Records for processing ▸
_ _ _ _

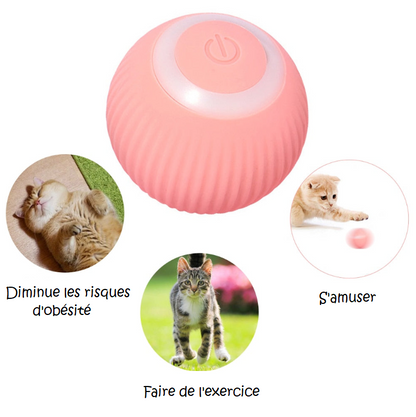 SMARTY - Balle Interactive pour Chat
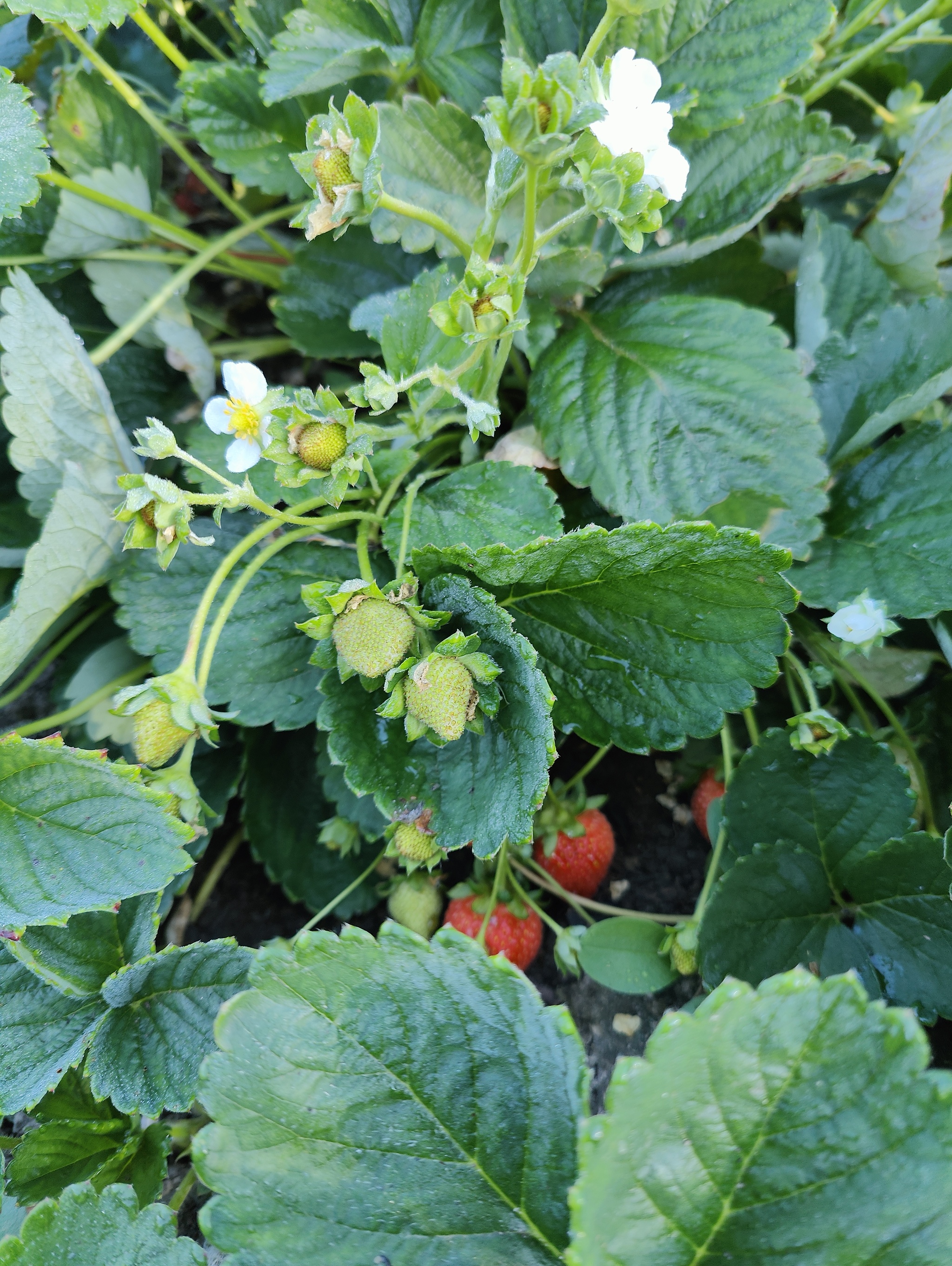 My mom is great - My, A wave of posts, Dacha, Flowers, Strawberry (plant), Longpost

_ _ _ _

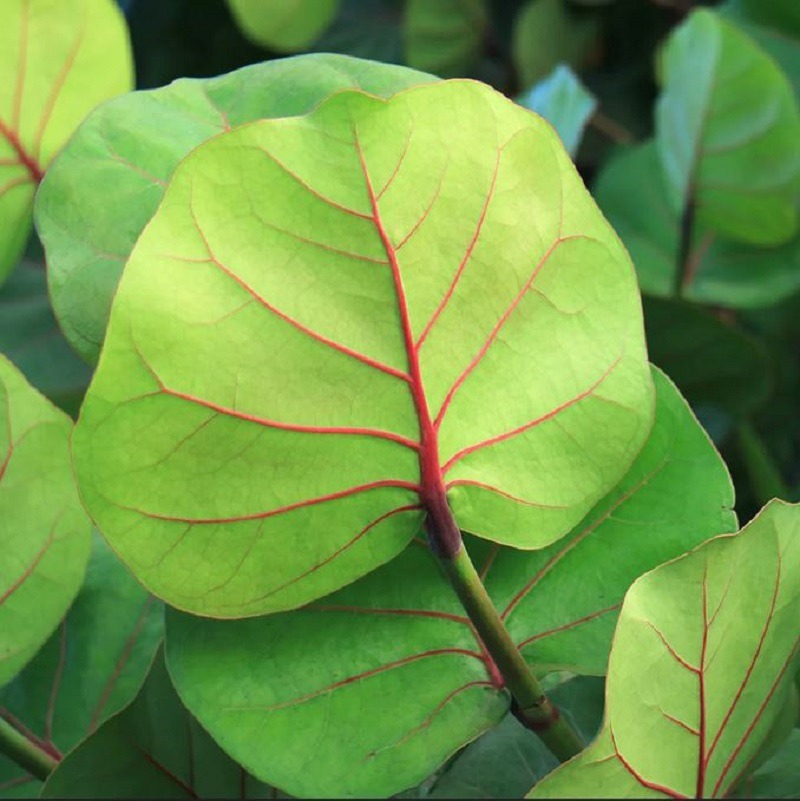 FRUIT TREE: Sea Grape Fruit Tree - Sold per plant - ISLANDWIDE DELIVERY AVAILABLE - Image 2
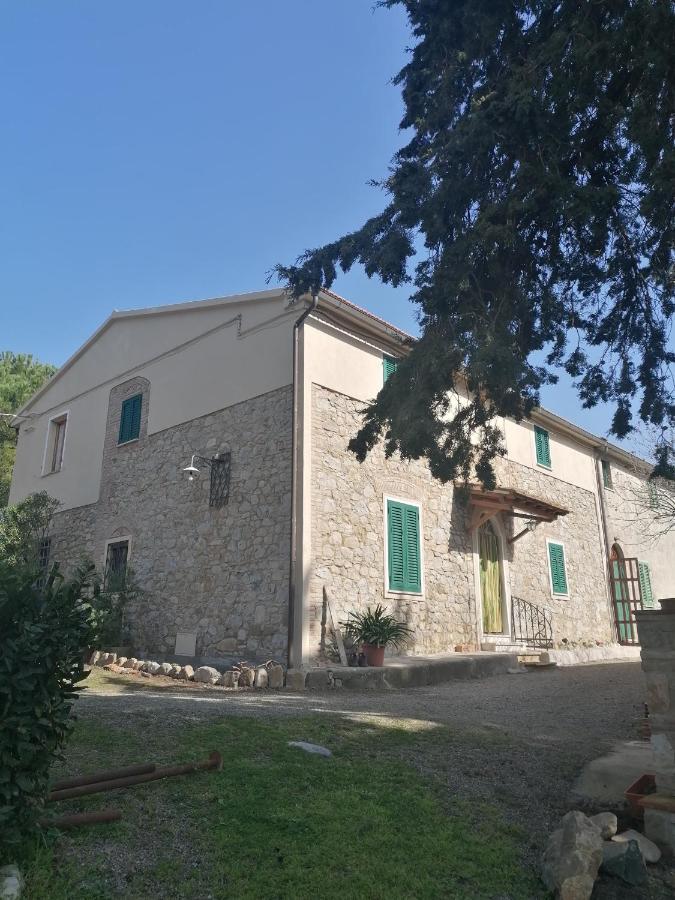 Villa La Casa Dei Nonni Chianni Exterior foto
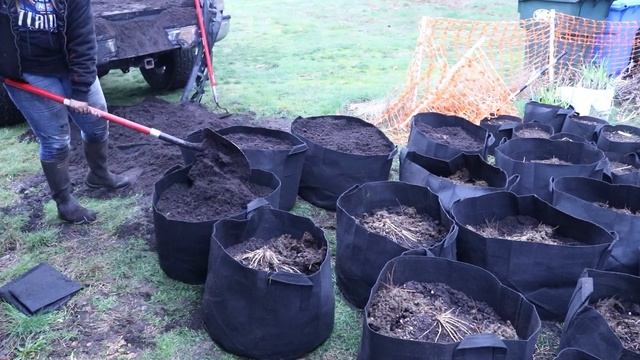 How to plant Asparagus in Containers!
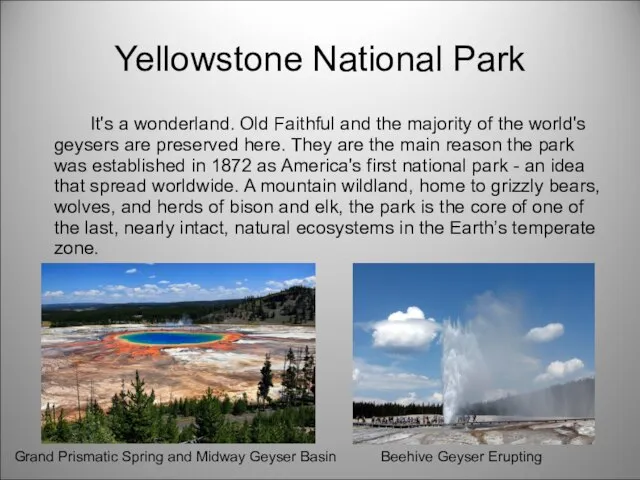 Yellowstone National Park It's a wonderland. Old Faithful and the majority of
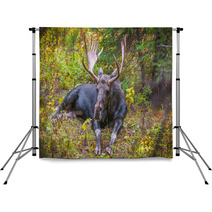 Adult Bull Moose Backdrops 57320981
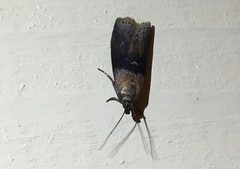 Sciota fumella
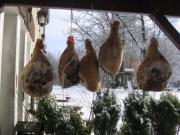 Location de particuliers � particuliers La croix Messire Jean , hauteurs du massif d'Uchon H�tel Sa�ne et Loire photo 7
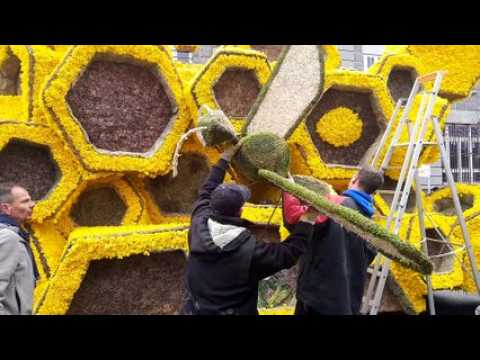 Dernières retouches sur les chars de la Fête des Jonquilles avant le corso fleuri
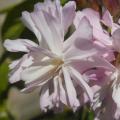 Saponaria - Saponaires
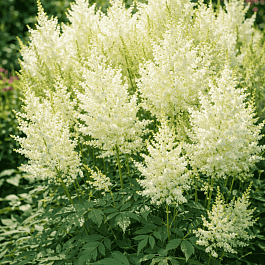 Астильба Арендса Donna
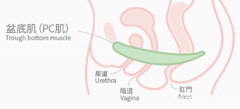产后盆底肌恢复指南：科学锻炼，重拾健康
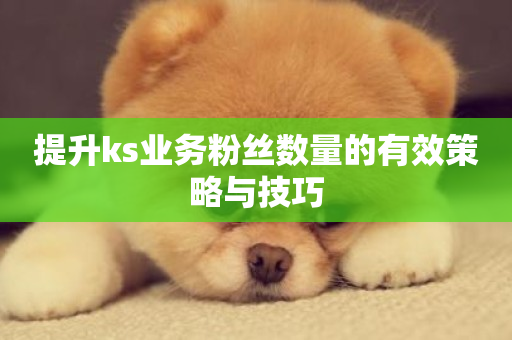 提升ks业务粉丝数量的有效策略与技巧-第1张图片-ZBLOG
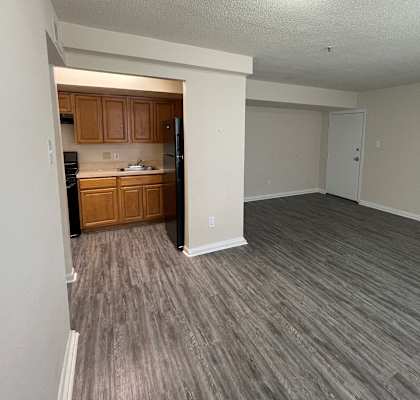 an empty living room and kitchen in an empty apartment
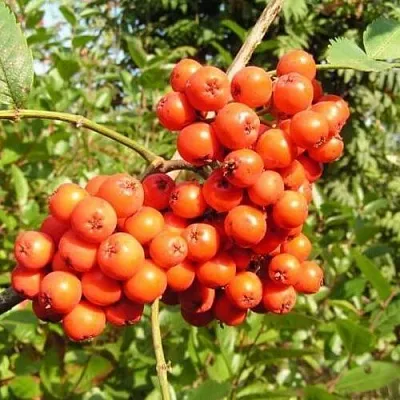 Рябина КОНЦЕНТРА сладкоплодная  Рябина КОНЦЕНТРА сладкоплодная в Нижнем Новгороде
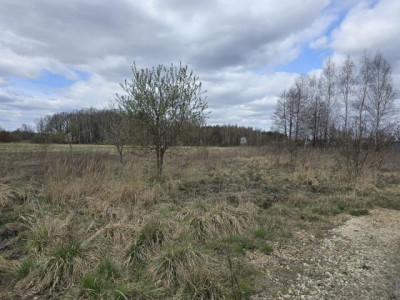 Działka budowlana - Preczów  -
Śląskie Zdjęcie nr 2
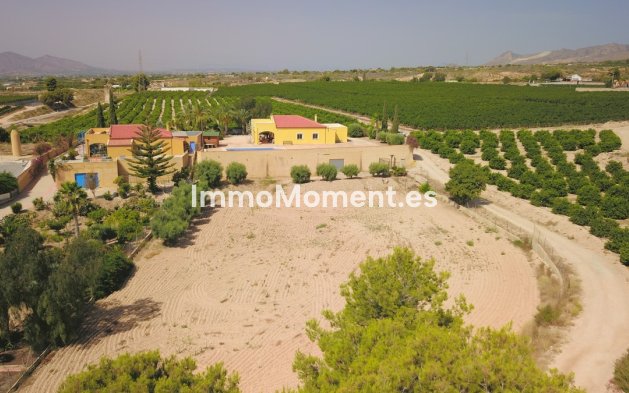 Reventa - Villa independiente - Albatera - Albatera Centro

_ _ _ _

Exercise description ▸
Within the data above, repeat exactly the lines from the one bearing "SMARTY - Balle Interactive pour Chat" through the one bearing "My mom is great". Include no pictures and nothing else.

Response ▸
 SMARTY - Balle Interactive pour Chat
 My mom is great - My, A wave of posts, Dacha, Flowers, Strawberry (plant), Longpost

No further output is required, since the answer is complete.